Not every resource requires such fanfare. You can turn the machine that you are currently using into a server just by writing code. First you open a socket, which is a communication channel managed by the operating system. Then you write an infinite loop that awaits client requests and serves out the resources.

The internet is a general purpose utility, and many different kinds of traffic run across it. A server must therefore be able to manage many different kinds of requests. Imagine all the businesses in your city having a single storefront with a single door. The poor customer who walks through that door would likely have to explain their needs several times before getting the proper help.

Instead of having all requests handled by a single door, a server has many doors. Each service that the server provides has its own infinite loop and socket. When a client makes a request, it identifies the door or socket through which it wishes to communicate using an integer port number.
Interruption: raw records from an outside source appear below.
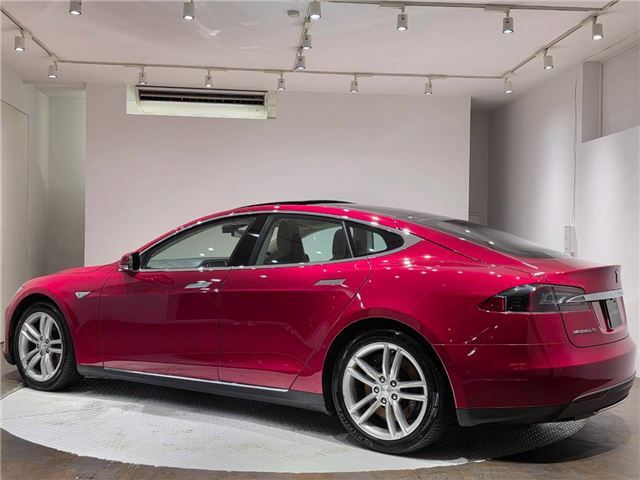 2015 Tesla MODEL S — миниатюра 50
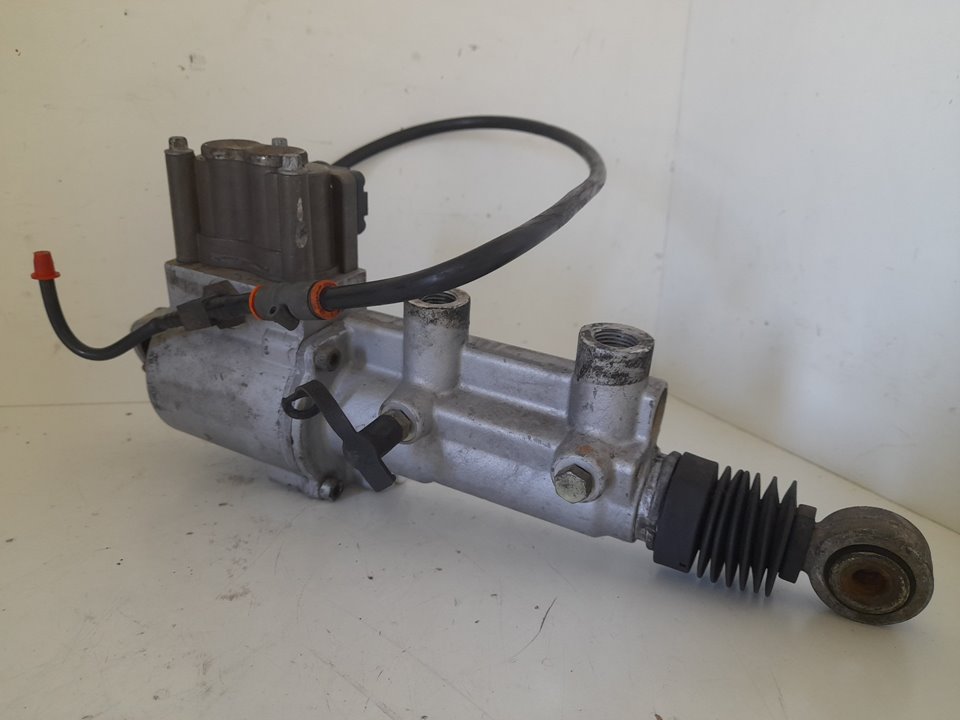 05963 mercedes-benz atego 3-ejes 26 t bm 95024 (1998) 2528  (6x2)       om 906 la l 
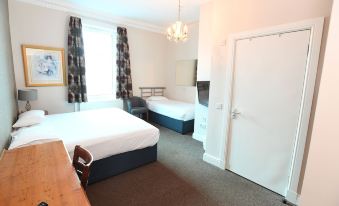 Rooms at the Royal - Housity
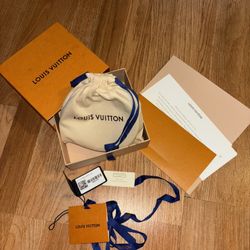 Like New Louis Vuitton Belt Reversible Size 100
Conventions govern how port numbers are associated with different services. Messages sent across port 123, for instance, are expected to conform to the Network Time Protocol (NTP). Computers use NTP messages to synchronize their clocks. Consider these other common ports:

Port 25 is used to send email via the Simple Mail Transfer Protocol (SMTP).
Port 143 is used to receive email via the Internet Message Access Protocol (IMAP).
Port 194 is used to exchange Internet Relay Chat (IRC) messages.
Port 119 is used for sharing posts on Usenet, which uses the Network News Transfer Protocol (NNTP). Usenet was accessed directly via this port in the early days of the internet. These days, we are more likely to access it via Google Groups.
Port 80 is used for requesting web pages using the Hypertext Transfer Protocol (HTTP).
Port 443 is like port 80, but the messages are encrypted so that eavesdroppers can't read them. The traffic through this port follows the secure HTTP protocol (HTTPS).
Port 25565 is used by Minecraft clients to send requests to a Minecraft server.

The port number identifies a service. The client must also have a way of identifying the server with which it wants to communicate. That problem was solved in the 1980s by the Internet Protocol (IP). When a computer joins a network, it is assigned an IP address. In version 4 of IP, an IP address is made up of four bytes. Inside the machine, this is a 32-bit integer. For human audiences, an IP address is often displayed in dotted quad notation, as in 172.16.254.1. The client opens a socket and specifies both the IP address and the port number, the combination of which uniquely identifies a door on the internet.

IP addresses are relatively hostile to the user experience in that they have no mnemonic value. To remedy this, a service was built on top of them. Routers in the network maintain a directory that defines a mapping from human-readable names to IP addresses. The human-readable names are called domain names. When a request comes in using the domain name jmu.edu, the routers look up the domain name in the directory and replace it with the IP address 134.126.10.50. This directory lookup is called the Domain Name Service (DNS).